North America Financial Bond House: Goldman Sachs
Showing its chops A remarkable investment-grade bond market that traded at post-financial crisis tights for most of the year gave underwriters the opportunity to push the envelope for their financial clients. For stretching the potential of US capital markets in 2024, Goldman Sachs is IFR’s North America Financial Bond House of the Year.

Debt bankers like to point out that the leading underwriters in the financial bond business lean on their advisory capabilities and not their balance sheets to win market share. In that sense, Goldman Sachs had a standout year in 2024, leveraging the receptive investment-grade market to wheel out debt structures that ordinarily would have been a difficult sell.
“Our clients remember us as the bank that thinks about not necessarily what is the easiest trade, but what is the best trade,” said Stephen Conigliaro, Goldman’s head of US FIG IG syndicate.
Yet even as the US investment bank delivered on its reputation for leading the financial industry’s most complex offerings, Goldman was able to show its prowess in vanilla corners of the market too, helping it to retain its position in the top five underwriters of US financial bonds in 2024.
One area of focus was issuance from private credit vehicles in the form of business development companies. In 2024, BDCs capitalised on tighter spreads to sell more than US$20bn of bonds to bolster their fire power.
“For all the discussions about how private credit might be taking potential issuance volumes away from public investment-grade bond markets, those private credit providers are actually huge clients of the investment-grade bond market,” said Jonny Fine, global head of investment-grade debt.
Goldman helped further the sector’s maturation by leading Blackstone Private Credit Fund’s US$600m 10-year senior bond offering in November, the first time since 2021 the BDC has issued the long-dated maturity. Previously, BDCs had been limited to using short-dated tenors for funding.
The bank also maintained its longstanding franchise in the market for funding agreement-backed notes, a key tool insurers use to raise cash. Though highly rated instruments, FA-backed notes are sensitive to market conditions due to their illiquidity and 2024 provided a ripe opportunity to issue them.
Athene, Mutual of Omaha and Corebridge Financial were among the insurers that turned to Goldman for such transactions.
“Those are folks that are looking for market colour and advice, and we give that really well,” said John Sales, head of IG debt syndicate in the Americas.
The bank’s consistent advice has meant insurers have trusted Goldman with their more difficult trades. The bank was one of three leads on Equitable’s US$600m P-cap transaction, which is IFR’s North America Financial Bond of the Year.
An area where Goldman’s creativity shines is subordinated bond transactions for regulatory capital, arguably its banking clients’ most important offerings.

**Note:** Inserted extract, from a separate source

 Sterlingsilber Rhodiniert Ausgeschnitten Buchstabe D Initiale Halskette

Goldman helped TD Bank deliver an unusual US dollar 10-year non-call five subordinated note in September – a format for Tier 2 paper mostly seen in Europe – after leading the Canadian lender’s Yankee AT1 sale in June.
“There’s a lot of bookrunners out there that would basically say [a 10-year non-call five] is a tough deal,” said Conigliaro. “Ultimately, it priced through where we thought and was an excellent result.”

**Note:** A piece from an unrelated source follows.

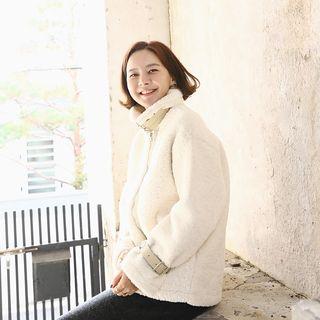 Buckle-neck Sherpa-fleece Zip-up Jacket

Goldman was at the forefront of the Canadian banking industry’s efforts to take advantage of a vibrant Yankee AT1 market. Its role in Bank of Montreal’s US$750m offering of a limited recourse capital note, an AT1 structure unique to Canada, showed how it can overcame investor concerns around tight back-end spreads, which had compressed due to demand for subordinated debt offering chunky yields.
“One of the key conversations was, ‘we are certainly in very low territory when it comes to resets. How do we get past the inevitable investor pushback to these low back-ends?'” said Conigliaro.

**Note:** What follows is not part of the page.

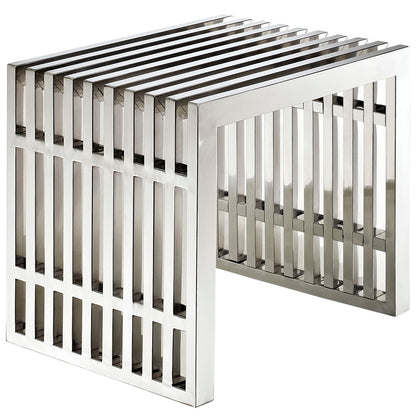 Gridiron Small Stainless Steel Bench by Furniture For America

Goldman knew investors were comfortable locking in AT1 yields for an extended period despite their subordinated position in the capital structure. It leveraged that understanding to print the first Yankee LRCN in a non-call 10 structure for BMO in July. The Canadian bank had also trusted Goldman to lead its shorter non-call five AT1 trade in February.
Goldman’s close dialogue with investors also helped it deliver for the bank’s own corporate treasury.
The US investment bank sold an eye-catching US$2bn perpetual non-call 10 preferred issue in September that left other bankers talking enviously about the 240bp reset spread it achieved, around 40bp lower than Goldman’s previous record. And it was the first of the big US banks to reopen the ultra-long end of the senior bond market in 2024, which drew follow-on issuance from its peers.